*YOUR INSTRUCTIONS*: In the data below, find the lines containing "inch" and say how many there are, nothing more.

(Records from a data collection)

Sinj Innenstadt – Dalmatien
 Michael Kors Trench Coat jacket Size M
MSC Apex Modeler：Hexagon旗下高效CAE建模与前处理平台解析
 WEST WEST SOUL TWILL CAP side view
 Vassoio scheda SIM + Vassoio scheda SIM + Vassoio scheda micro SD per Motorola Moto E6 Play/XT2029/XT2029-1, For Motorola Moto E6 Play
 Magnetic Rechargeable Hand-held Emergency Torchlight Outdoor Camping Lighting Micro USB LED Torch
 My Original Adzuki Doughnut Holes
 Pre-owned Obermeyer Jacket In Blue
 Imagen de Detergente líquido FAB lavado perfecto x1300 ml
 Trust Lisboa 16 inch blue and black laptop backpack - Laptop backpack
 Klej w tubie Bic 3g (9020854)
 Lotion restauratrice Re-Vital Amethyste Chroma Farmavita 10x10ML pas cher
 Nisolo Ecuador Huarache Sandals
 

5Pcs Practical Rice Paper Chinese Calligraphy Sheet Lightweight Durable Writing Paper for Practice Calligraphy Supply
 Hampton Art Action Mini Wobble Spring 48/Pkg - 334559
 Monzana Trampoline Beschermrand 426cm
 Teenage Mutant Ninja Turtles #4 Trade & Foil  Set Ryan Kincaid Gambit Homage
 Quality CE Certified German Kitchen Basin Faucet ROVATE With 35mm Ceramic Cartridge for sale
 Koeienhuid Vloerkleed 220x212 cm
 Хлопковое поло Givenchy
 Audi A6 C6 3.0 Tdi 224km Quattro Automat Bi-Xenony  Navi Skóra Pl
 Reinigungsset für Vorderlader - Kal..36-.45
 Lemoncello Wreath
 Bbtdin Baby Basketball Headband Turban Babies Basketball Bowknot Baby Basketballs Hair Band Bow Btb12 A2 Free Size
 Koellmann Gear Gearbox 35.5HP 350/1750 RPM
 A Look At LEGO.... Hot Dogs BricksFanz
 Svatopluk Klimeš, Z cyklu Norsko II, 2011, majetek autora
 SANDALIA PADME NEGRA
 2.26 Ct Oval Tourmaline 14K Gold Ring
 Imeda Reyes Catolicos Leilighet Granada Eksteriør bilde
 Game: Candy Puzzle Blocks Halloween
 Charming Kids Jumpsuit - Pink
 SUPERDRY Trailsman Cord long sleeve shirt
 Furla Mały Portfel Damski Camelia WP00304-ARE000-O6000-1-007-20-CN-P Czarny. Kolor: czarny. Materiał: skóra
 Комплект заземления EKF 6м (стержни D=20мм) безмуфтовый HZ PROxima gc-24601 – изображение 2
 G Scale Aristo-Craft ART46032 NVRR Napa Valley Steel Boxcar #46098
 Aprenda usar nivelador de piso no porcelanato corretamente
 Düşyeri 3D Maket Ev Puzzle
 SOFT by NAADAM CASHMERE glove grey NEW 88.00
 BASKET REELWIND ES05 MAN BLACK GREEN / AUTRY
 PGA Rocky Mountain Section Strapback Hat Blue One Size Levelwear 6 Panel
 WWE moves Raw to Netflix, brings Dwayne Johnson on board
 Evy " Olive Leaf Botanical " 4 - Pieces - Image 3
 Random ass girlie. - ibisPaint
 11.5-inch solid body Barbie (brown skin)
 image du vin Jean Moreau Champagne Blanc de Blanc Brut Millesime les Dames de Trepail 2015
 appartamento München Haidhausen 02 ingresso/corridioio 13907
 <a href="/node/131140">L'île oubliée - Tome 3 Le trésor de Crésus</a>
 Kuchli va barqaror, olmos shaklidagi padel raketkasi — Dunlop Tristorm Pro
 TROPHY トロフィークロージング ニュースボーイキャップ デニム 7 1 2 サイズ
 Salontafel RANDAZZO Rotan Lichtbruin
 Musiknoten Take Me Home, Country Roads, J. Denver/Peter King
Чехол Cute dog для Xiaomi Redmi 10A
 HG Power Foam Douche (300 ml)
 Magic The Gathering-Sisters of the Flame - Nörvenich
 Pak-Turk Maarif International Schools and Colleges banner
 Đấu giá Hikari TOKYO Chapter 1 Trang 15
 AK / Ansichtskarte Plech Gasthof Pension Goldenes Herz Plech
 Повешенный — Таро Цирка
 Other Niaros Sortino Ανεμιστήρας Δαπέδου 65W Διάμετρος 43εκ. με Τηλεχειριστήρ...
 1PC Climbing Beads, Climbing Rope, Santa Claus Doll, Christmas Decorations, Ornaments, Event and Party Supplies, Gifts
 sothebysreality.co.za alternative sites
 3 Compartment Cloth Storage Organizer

*EXERCISE RESULT*: 2